In an argument, there are usually differing opinions and emotions that get in the way of effective conversation. One person often wins while another loses which can make it difficult to resolve things long-term. A disagreement is different. There can be differing views, but both parties are willing to communicate in a way that can bring it to a point of understanding. Learning how to approach differences as disagreements is an important life skill to have.
Alfred W. Adler was an Austrian medical doctor and psychotherapist and founder of the school of individual psychology. He emphasized the importance of feelings of inferiority in it’s relation to the inferiority complex. Today, his research is widely recognized as a key role in personality development.
He argued that people strive for proficiency in their lives and have a strong motive to control their environment.
The illusion of control is a cognitive bias which leads us to assume that we have complete control over the outcome of a situation in an instance where we do not. Which leads me to question, when I think that I have control, what is it that I’m really controlling. When we argue with our children (or anyone else), what is driving the conversation? Is it the long-term reason that prompted the rule originally, or was gaining the upper-hand top of mind when I decided to…well you know…lose my mind.
Let’s imagine a completely unrealistic scenario that has never ever ever happened to me…in the past week.
The house is a mess. You’ve had a long day at work and a tiresome commute home. You walk through the front door, take off your shoes. In a defenseless state, you step on a lego. This all happens dramatically in slow motion of course.
You call out into the air for your child, hearing their name echo against the wall, because we all know that children are never around when you need to reprimand them. After you realize you’re only talking to yourself, you decide to manually use your legs, find them, bring them to the room in question and jab your fingers at the ground. You demand that they clean up their mess!
They drag their feet and complain that they don’t want to. You begin to get angry. Your volume increases. So does theirs. You tell them that if they don’t clean the room in the next few minutes, you will throw their toys away. They cry. You cry. You go to that cramped spot in your kitchen cabinet where you keep the garbage bags and return, tossing toy after toy into the plastic abyss, laughing maniacally into the air. They see you experiencing joy and want to put an immediate end to it, so they begin to clean up. You drop the bag on the ground as a clear warning and declare that if toys are left on the ground in the future, THEY WILL GET THE GARBAGE BAG.

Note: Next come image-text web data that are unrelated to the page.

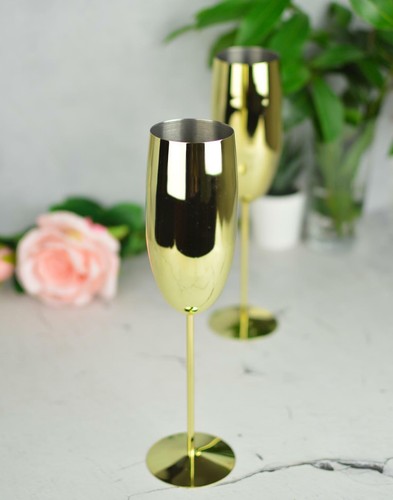 2 Bicchieri di Champagne 270ml Acciaio Inox Oro Calici Color Flute e Prosecco - Foto 2 di 4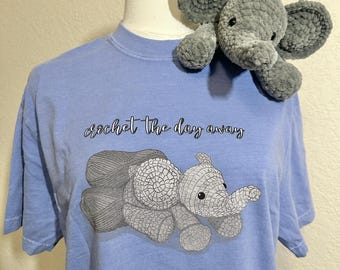 かぎ針編みTシャツ、かぎ針編み愛好家へのギフト、かぎ針編みの象のシャツ、かぎ針編みのTシャツ、一日中かぎ針編み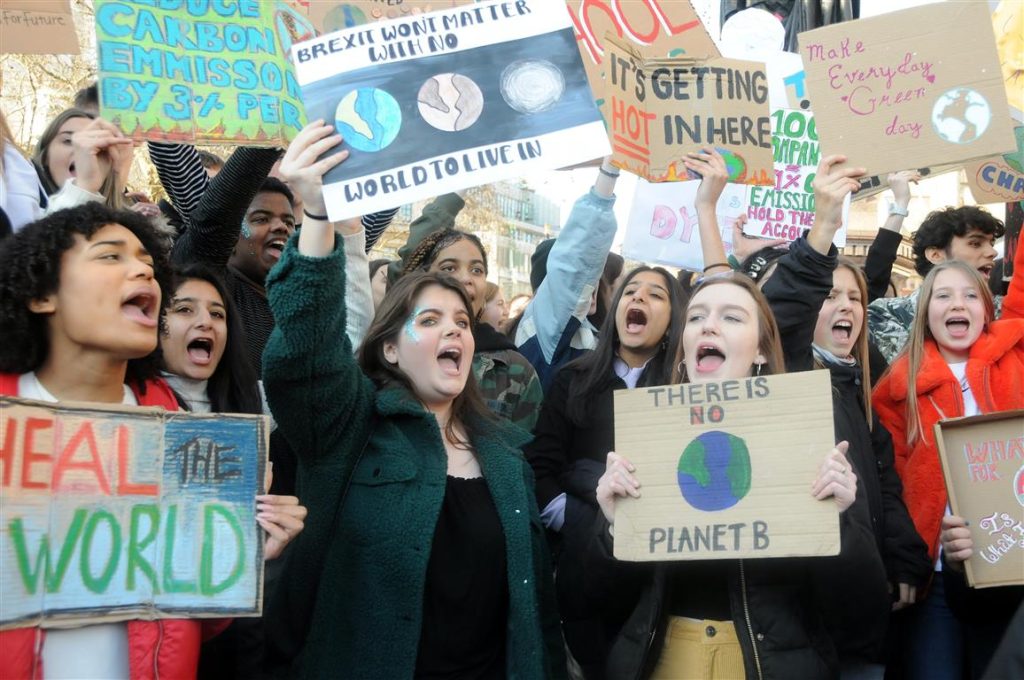 Pupils on strike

Then you go into the dining room and pour yourself a well deserved wine, gulping it down smiling, feeling satisfied that you won that round.
How did this go for your child? Let’s pretend we are them. (This is fun!)

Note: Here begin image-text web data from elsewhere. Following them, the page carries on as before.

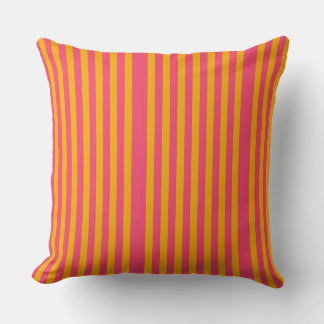 Hot Pink and Orange Vertical Stripes Pattern Cushion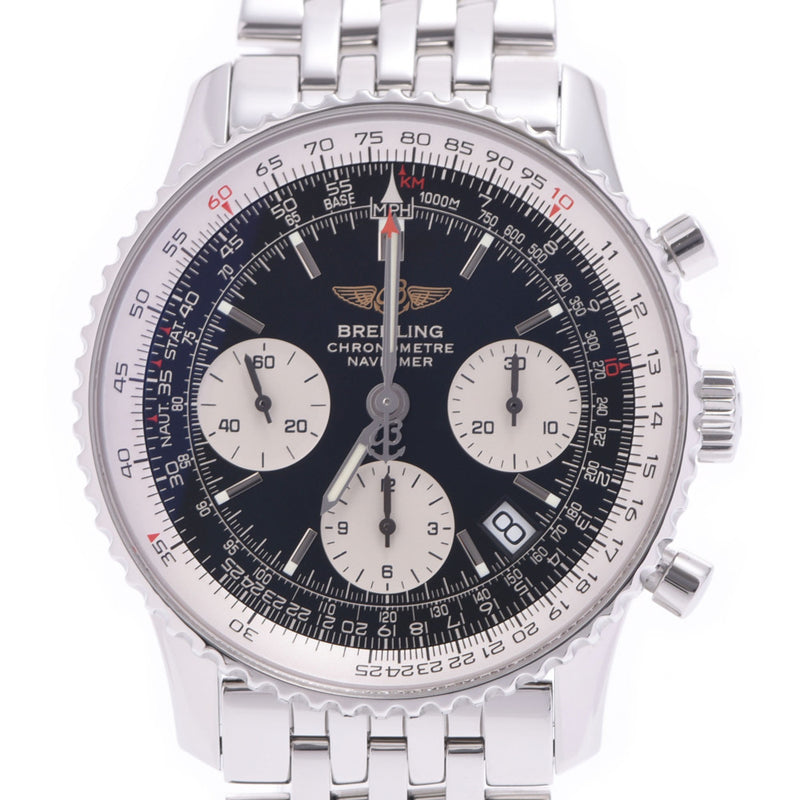 BREITLING Breitling Navigation Timer Day Chronograph A23322 Men's SS Watch Automatic Wound Black Table A-Rank Used Silgrin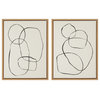Sylvie Going in Circles Framed Canvas Set by Teju Reval, Natural 2 Piece 18x24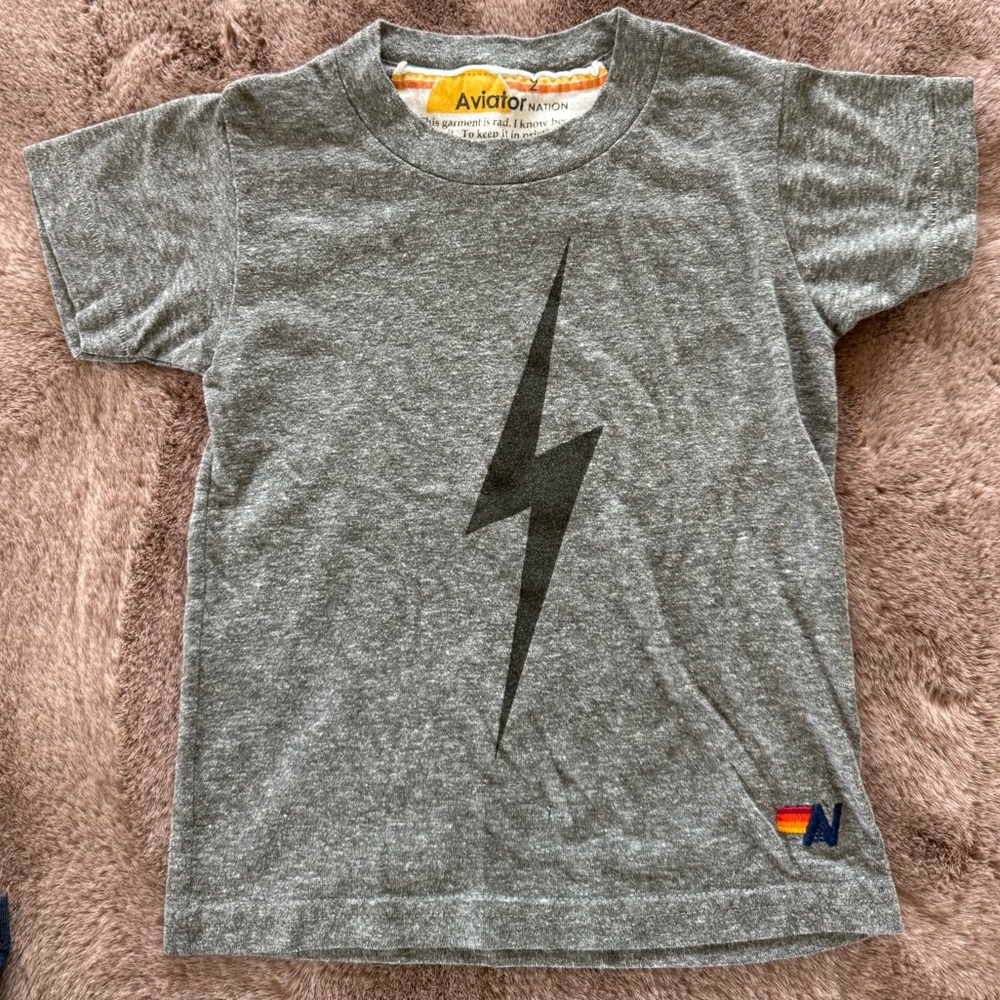 Aviator Nation Grey Lightening Bolt Tee, 2T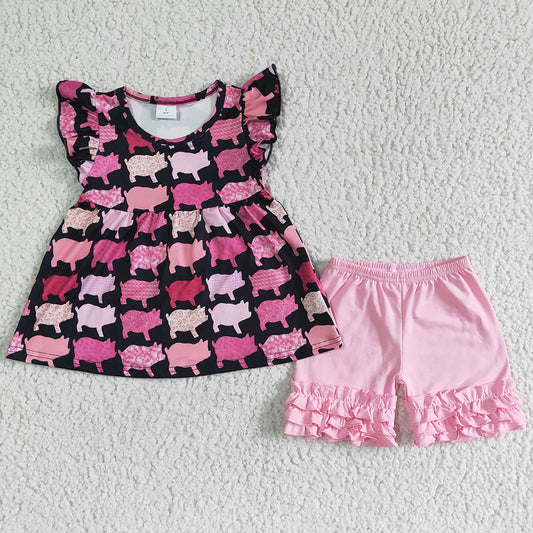 RTS Baby Girls Clothes Summer Outfits Pig Cute Kids Girl Clothing Short Sleeve Icing Shorts Set C11-6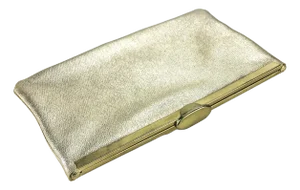 Harry Levine Gold Leather Envelope Clutch With Gold Tone Convertible Strap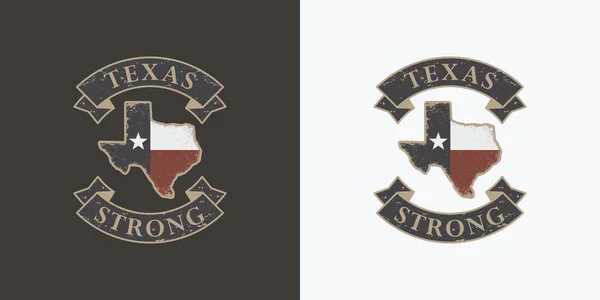 Farbige Illustrationen Von Texas State Map Band Und Text Alter — Stockvektor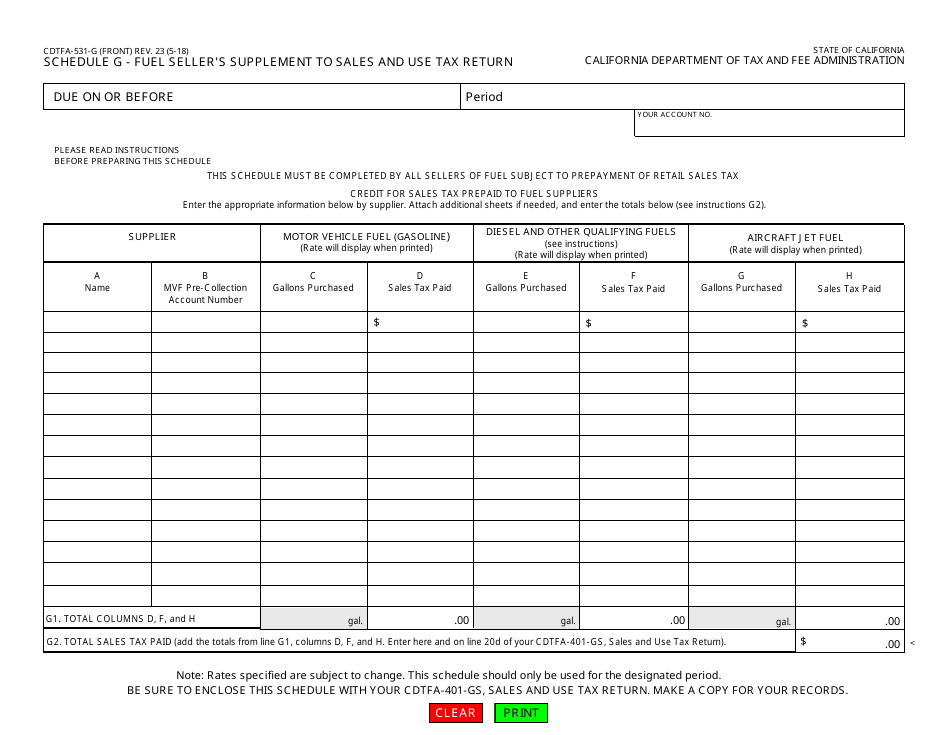 Form CDTFA-531-G Schedule G Fuel Sellers Supplement to Sales and Use Tax Return - California, Page 1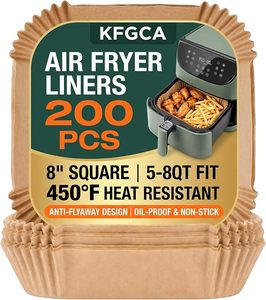 200Pcs 8" Square <strong>Air</strong> <strong>Fryer</strong> <strong>Liners</strong> Disposable Anti-Flyaway Heat-Resistant Non-Stick Parchment Paper Raised Edges Oil-Proof Fits - Product Image 1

You’re a six year old and in the middle of a building the most amazing princess necklace out of the cool sparkly thread you found under your bed and some mismatched beads you had been saving. Suddenly, mom is in the doorway. You haven’t seen her all day so you’re happy to see her, until you realize, she looks really mad. Now, she tells you to go downstairs, but if you drop your necklace, it may get ruined. She’s saying something about some mess but she just walked in, why is she in such a state.
You come downstairs and suddenly remember the cool fort you were building out of legos and figurines from earlier. You had left it, for some reason you can’t remember, but you did want to come back to it later. Now she wants you to ruin it and put it away. It took you so long to make the building and the fence.

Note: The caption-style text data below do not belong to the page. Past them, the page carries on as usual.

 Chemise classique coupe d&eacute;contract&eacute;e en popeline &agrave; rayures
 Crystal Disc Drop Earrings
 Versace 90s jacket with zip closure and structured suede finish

You really want to keep your things the way you had it, you want her to stop yelling at you, your necklace is disintegrating upstairs and now your mom is saying something about destroying the things that you love.
Wait what? Destroy your things. But those aren’t her things! She can’t throw out your things, she has no right! But there it is, a garbage bag. Oh my god, she’s putting your toys IN the garbage bag. She’s really throwing them away. There’s nothing you can do, she’s so much bigger, it’s not fair, she’s so mean! Now you’re crying. Why is she doing this to you? Does she hate you?
You start to undo your forts and toss the poor figurines into the boxes knowing that they’re probably also upset. Now she is telling you to eat dinner and you’re not hungry. You sit angrily at the dinner table wondering how you ended up with the meanest most spiteful parents in the whole wide world. You look at your mother’s face, gloating that she got her way and secretly you begin to plot your revenge. Screw those peas!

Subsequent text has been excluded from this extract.